L’ancienne ministre de la Justice, Christiane Taubira, s’est à son tour jetée hier dans le bain de la présidentielle française, avec l’objectif ambitieux mais quasi-impossible de rassembler un camp de la gauche fragmenté et déjà surchargé de candidats.
Après plusieurs semaines de faux suspense, Mme Taubira a annoncé sa candidature, déclarant vouloir répondre «aux colères» face aux «injustices sociales» et avoir l’intention de convoquer une «conférence sur les salaires» avec un programme qui repose sur la défense de la jeunesse, la justice sociale ou encore l’écologie.
«La pandémie a révélé une souffrance sociale qui a frappé toutes les générations», a-t-elle déclaré lors d’un rassemblement militant pour l’union de la gauche, dans le quartier de la Croix-Rousse à Lyon (centre), choix symbolique en clin d’oeil aux Canuts, les anciens ouvriers de ce quartier de la soie. «Je veux un gouvernement qui sache dialoguer au lieu de moraliser et de caporaliser», a-t-elle ajouté, en allusion à la polémique sur les propos du président Emmanuel Macron qui a dit vouloir «emmerder les non-vaccinés» contre la Covid-19.
A moins de trois mois du premier tour, la gauche compte donc désormais six principaux candidats : outre Mme Taubira, le dirigeant radical Jean-Luc Mélenchon, l’écologiste Yannick Jadot, le communiste Fabien Roussel, l’ancien ministre Arnaud Montebourg, toutefois proche d’abandonner, et la maire de Paris socialiste Anne Hidalgo. Aucun pour l’instant ne dépasse la barre des 10% dans les sondages.
Emmanuel Macron, pas encore officiellement déclaré, est toujours donné gagnant au premier tour devant la candidate d’extrême droite Marine Le Pen talonnée par la candidate de droite Valérie Pécresse.

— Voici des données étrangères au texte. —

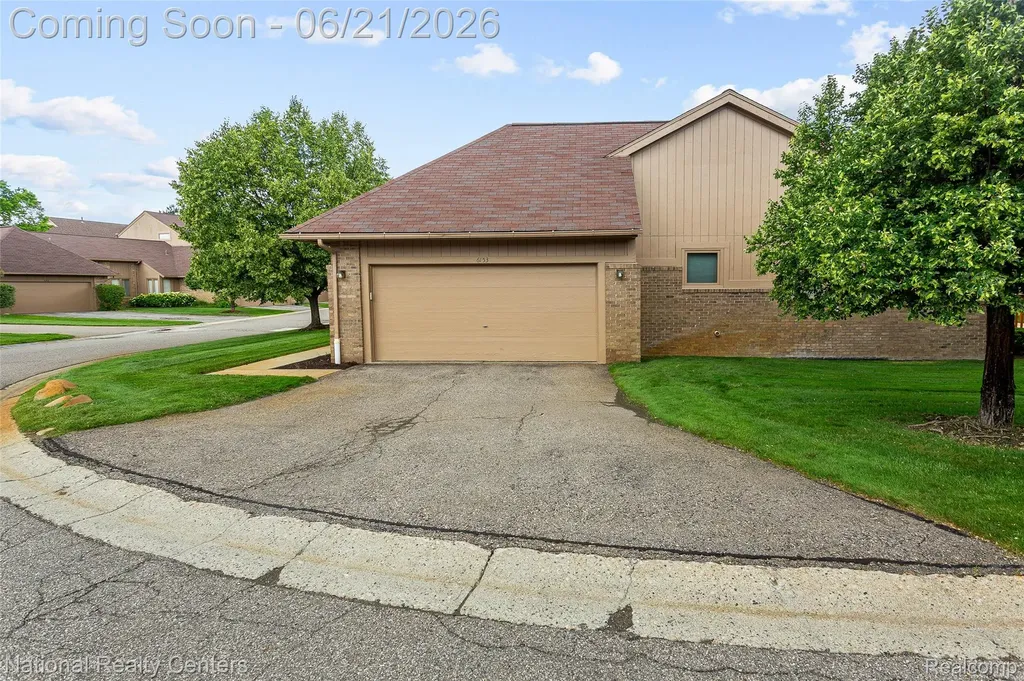 6153 Westbrooke Drive West Bloomfield Charter Township MI 48322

Dernière à entrer dans l’arène, Christiane Taubira avait annoncé fin décembre qu’elle envisageait d’être candidate «face à l’impasse» d’une gauche plus que jamais divisée, assurant qu’elle ne serait «pas une candidate de plus» et mettrait «toutes ses forces dans les dernières chances de l’union».
L’ancienne députée de Guyane, région française d’outre-mer où elle est née il y a 69 ans, s’est illustrée pour l’électorat de gauche par son combat pour la loi reconnaissant la traite et l’esclavage comme un crime contre l’humanité et surtout pour avoir porté, en tant que ministre, la loi ouvrant le mariage et l’adoption aux couples homosexuels, adoptée en 2013.
Candidate à la présidentielle en 2002, elle n’avait recueilli que 2,32% des suffrages. Bien qu’elle n’ait pas enregistré pour l’instant de percée dans les sondages (4,5% dans un sondage début janvier), son entourage assure qu’elle suscite toujours «la ferveur» au sein d’un électorat de gauche déboussolé depuis la victoire d’Emmanuel Macron en 2017 et le délitement des partis politiques traditionnels.
«Christiane Taubira veut être l’antidote à la lassitude de l’électorat de gauche qui n’en peut plus de la dispersion», affirme Christian Paul, maire de Lormes (centre), qui fait campagne à ses côtés. Mais la situation reste extrêmement confuse. Mme Taubira compte sur une «investiture» citoyenne portée par un collectif organisant une primaire à gauche du 27 au 30 janvier... à laquelle les autres candidats de gauche ont refusé de participer.